MINI MEX ROLLS
By Jaxson
Rate this recipe
0/5
(0 Votes)
0 Picture
Ingredients
- 1 COOKED CHICKEN BREAST FINELY CHOPPED
- 1/4 CUP TACO SEASONING
- 1 1/2 CUPS SHREDDED PEPPER JACK CHEESE
- 1/2 CUP DICED ROASTED RED PEPPER, DRAINED
- 1/2 CUP CHOPPED PICKLED JALAPENO PEPPERS, DRAINED
- 1/2 CUP CORN KERNELS
- 1/2 CUP COOKED BLACK BEANS, RINSED AND WELL DRAINED
- 1 SCALLION, CHOPPED
- KOSHER SALT AND FRESHLY GROUND BLACK PEPPER
- CANOLA OIL, FOR FRYING
- 1 LARGE EGG
- 15 ABOUT 15 SPRING ROLL WRAPPERS
Details
Preparation
Step 1
HEAT THE CHICKEN, TACO SEASONING, AND 1/2 CUP WATER IN THE SKILLET OVER MEDIUM HEAT UNTIL THE LIQUID THICKENS AND IS FULLY ABSORBED INTO THE CHICKEN, ABOUT 4 MINUTES.

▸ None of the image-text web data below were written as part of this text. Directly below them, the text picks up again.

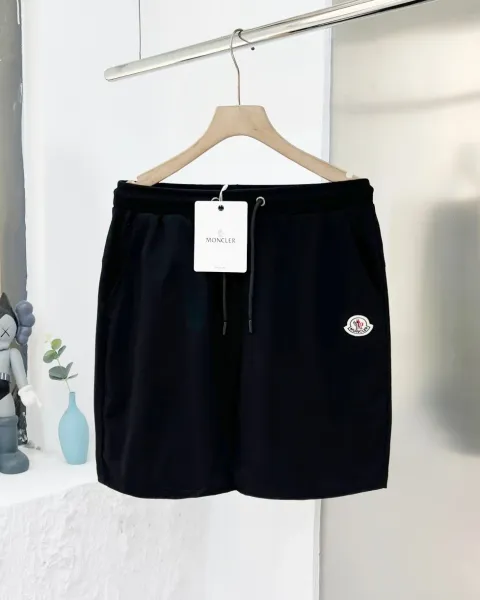 Moncler Logo Patch Black Sweat Shorts - 1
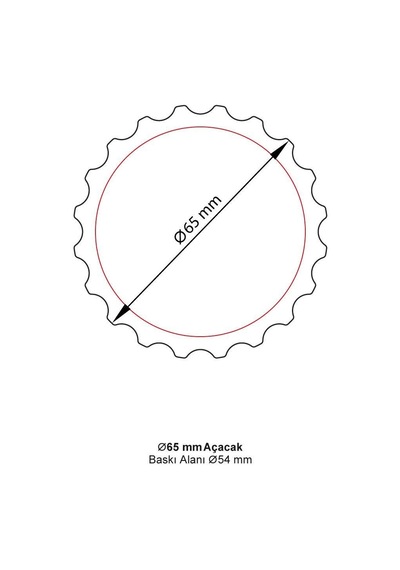 65 Mm Standart Magnet Açacak Küçük Vgm65 250 Adet Beyaz
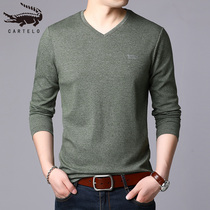 Crocodile Long sleeve men T-shirt Spring and Autumn New V-collar cotton thickened in winter with loose middle-aged clothes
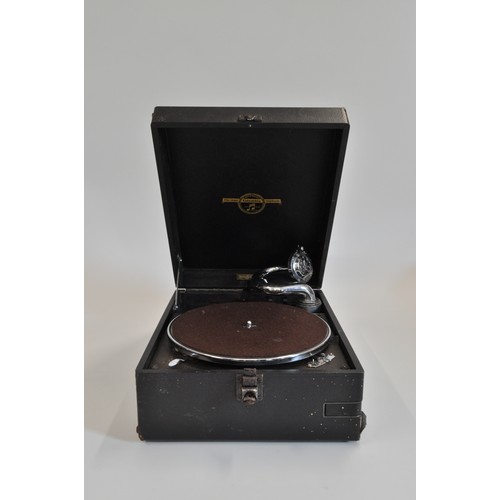 90 - Vintage His Masters Voice Portable Gramophone, Sanders Papworth Co label to inside.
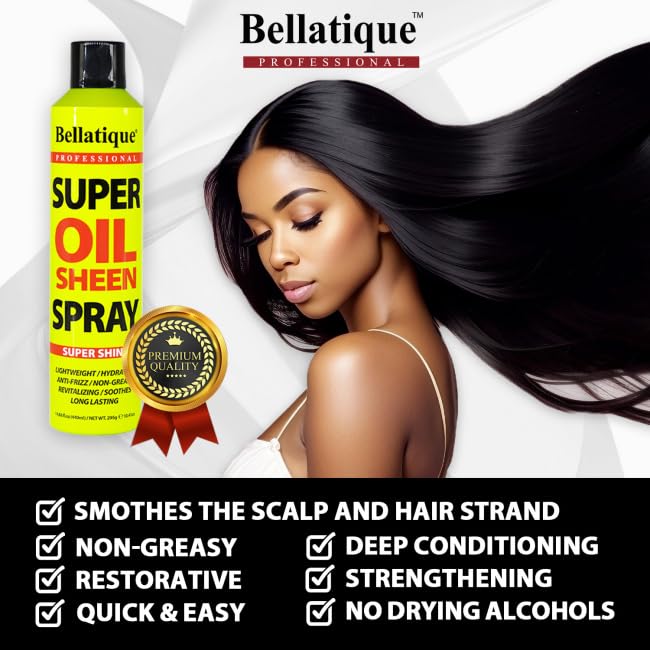 BELLATIQUE Super Oil Sheen Spray (14.88 oz) - Super Shine. Lightweight, Hydrating, Anti-Frizz, Non-Greasy, Revitalizing, Soothes, Long Lasting, Deep Beauty & Personal Care BELLATIQUE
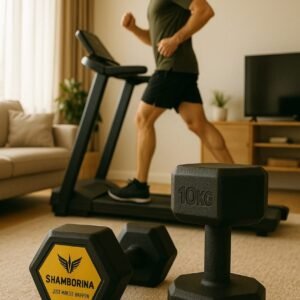 Pair of 10kgs Hexagonal Shamborina Plastic Coated Dumbbells -( Total 20kg)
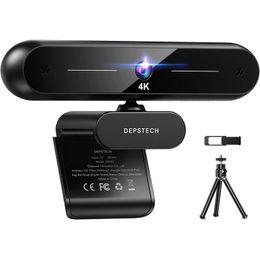 Webcams Depstech dw40 4k hd webcam 8MP focus caméra web usb avec microphone webcamera pour ordinateur portable PC / appel vidéo / zoom / streaming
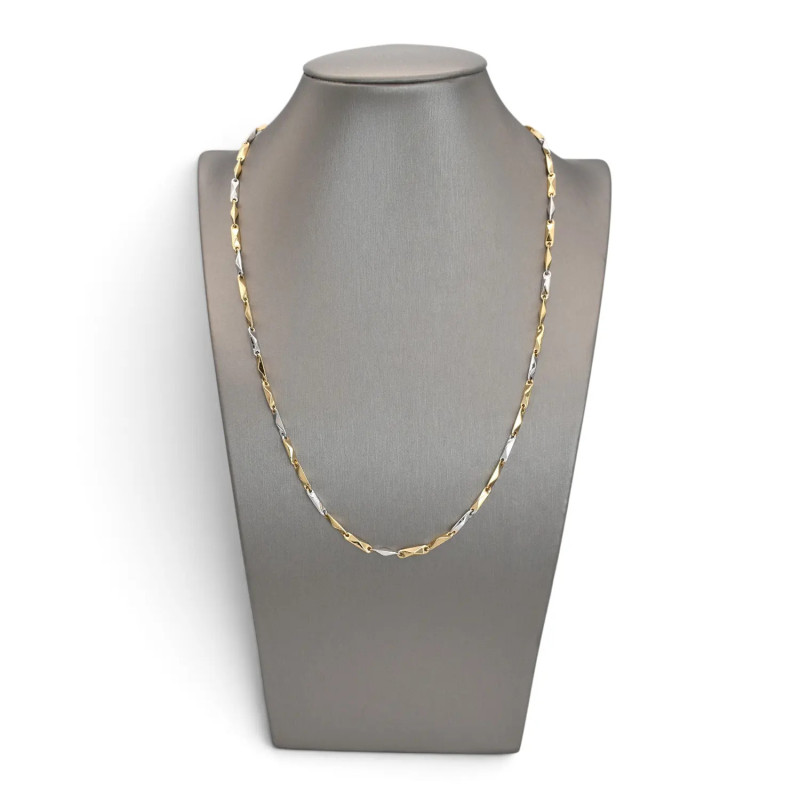 Catena Uomo / Unisex Oro Bianco e Giallo 18kt a Barrette Sfaccettate Alternate 50 cm - 8,8 gr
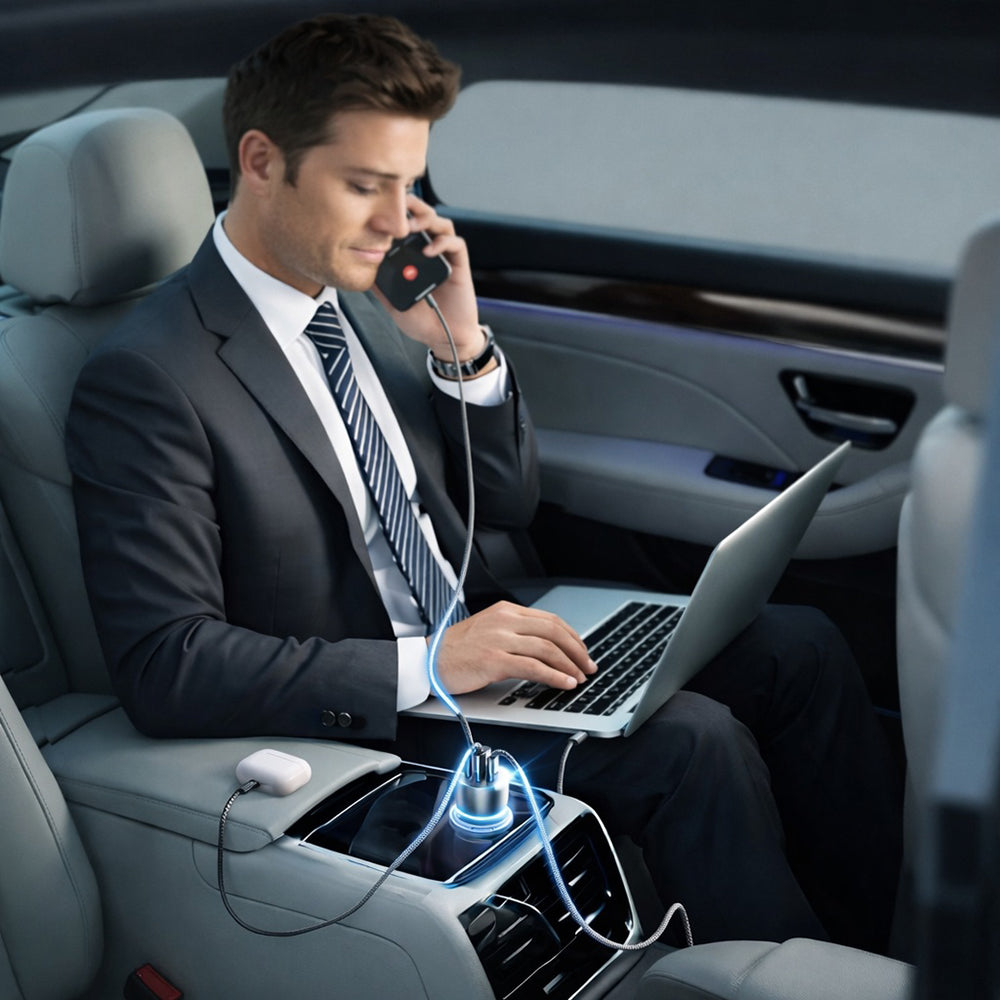 Lisen Car Charger with USB-C Cable, 170W, 5A, 1 x USB-A - 2 x USB-C, Black YL0225060006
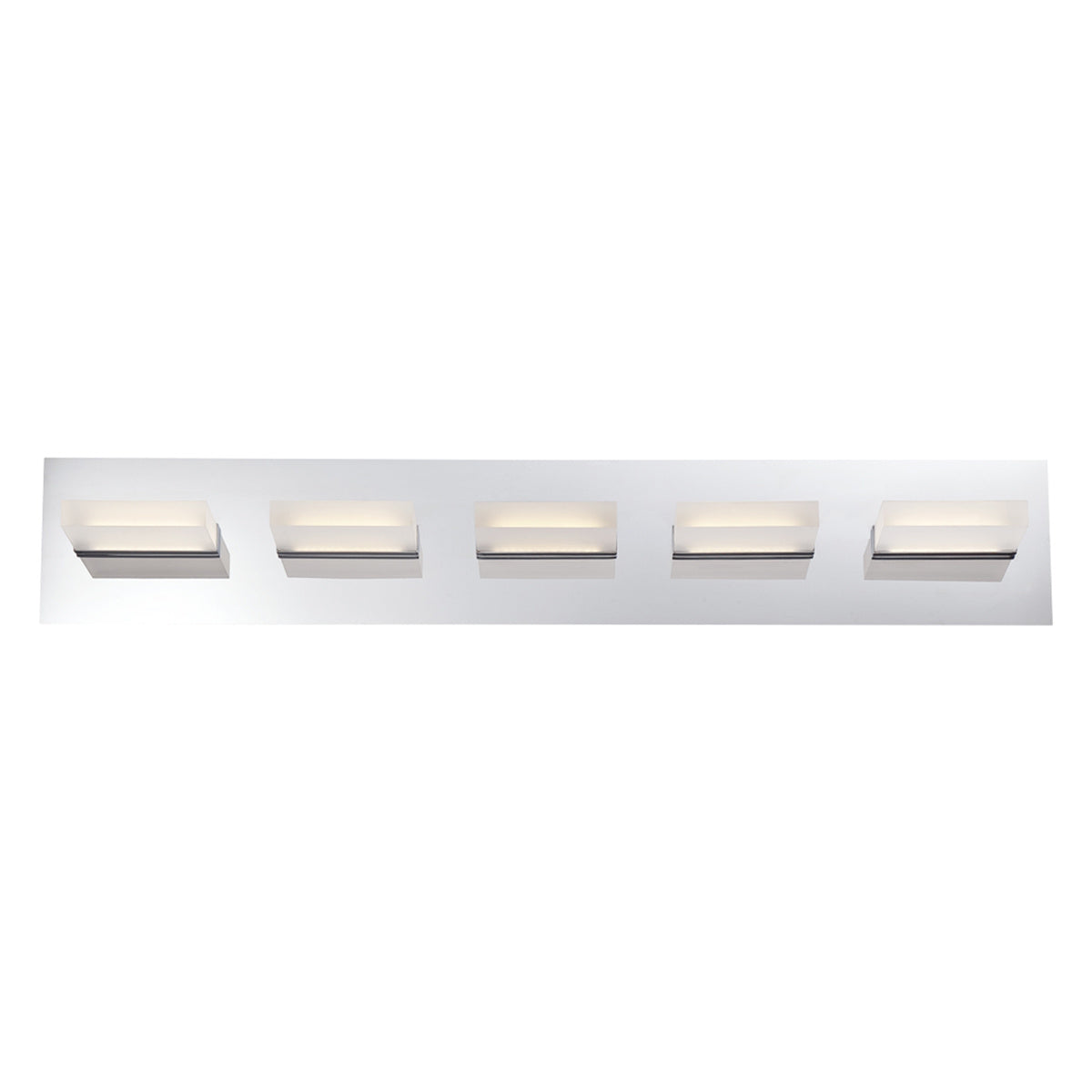 Eurofase Olson 30" 5-Light LED Vanity, Chrome, front view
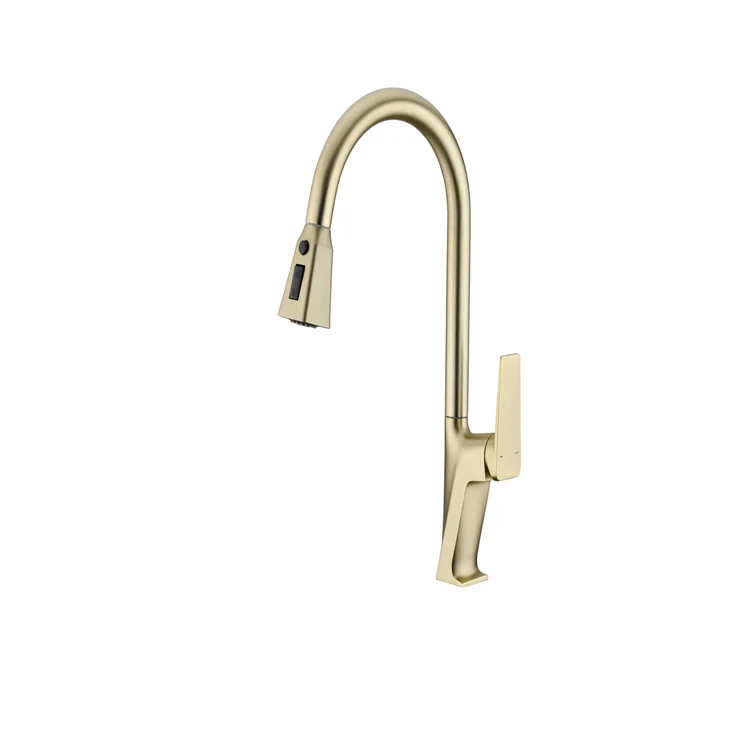 Gold Kitchen Bathroom Faucet Shower Head Spray With Extend Pull Out Kitchen Faucet Sink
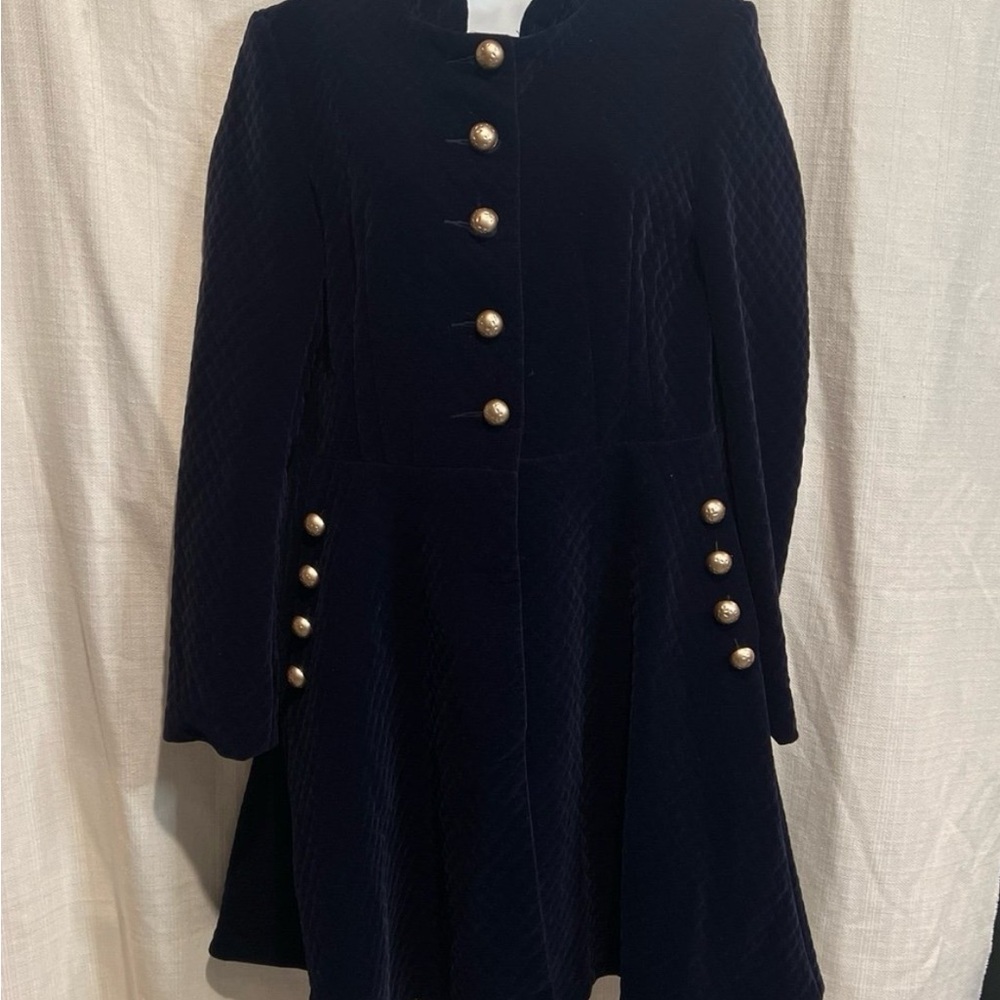 Elegant Navy Coat with Gold Buttons Fei In Van NWT SzMed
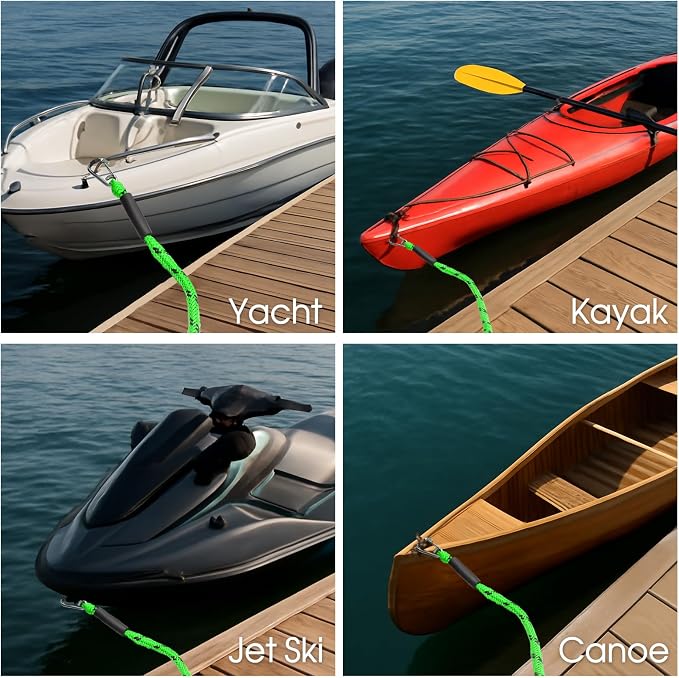 4 Feet Bungee Dock Line with Stainless Steel Clip & Foam Float 2pcs, Mooring Rope for Docking with Built-in Snubber, Ideal Boat Accessories for PWC, Jet Ski, SeaDoo, Kayak, Pontoon, Canoe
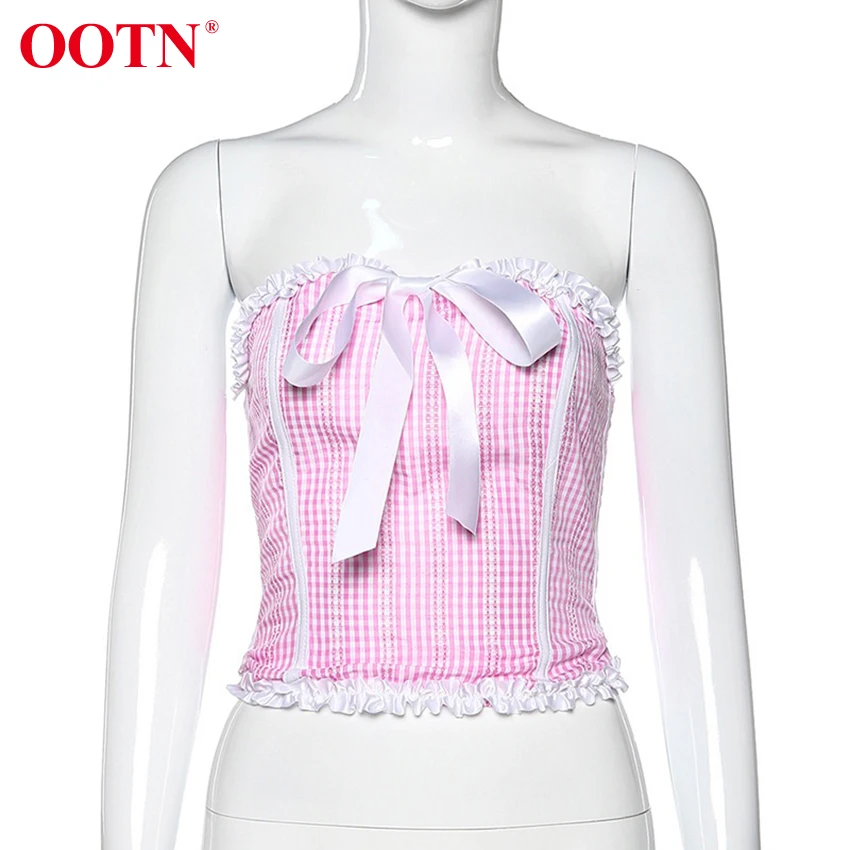 OOTN клетчатый топ с принтом, женские сексуальные топы с открытыми плечами, топ с оборками и бантом, весна-лето, Женская майка без рукавов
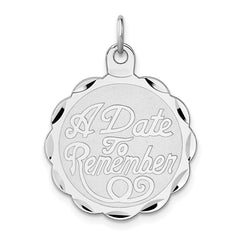 Sterling Silver Rhodium-plated A Date To Remember Disc Charm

COMBINE THE CHEESE, RED PEPPER, AND JALAPENO IN A BLENDER UNTIL FINELY CHOPPED. TRANSFER TO A BOWL AND STIR IN THE CORN, BEANS, SCALLION, AND THE CHICKEN MIXTURE. SEASON WITH SALT AND PEPPER TO TASTE.
HEAT 2 INCHES OF OIL IN A HEAVY BOTTOMED POT UNTIL A DEEP FRY THERMOMETER READS 375 WHILE THE OIL HEATS, MAKE THE ROLLS, WHISK THE EGG AND 2 TBSP WATER. LAY A SPRING ROLL WRAPPER ON A CLEAN WORK SURFACE AND BRUSH THE OUTER EDGES WITH THE EGG MIXTURE.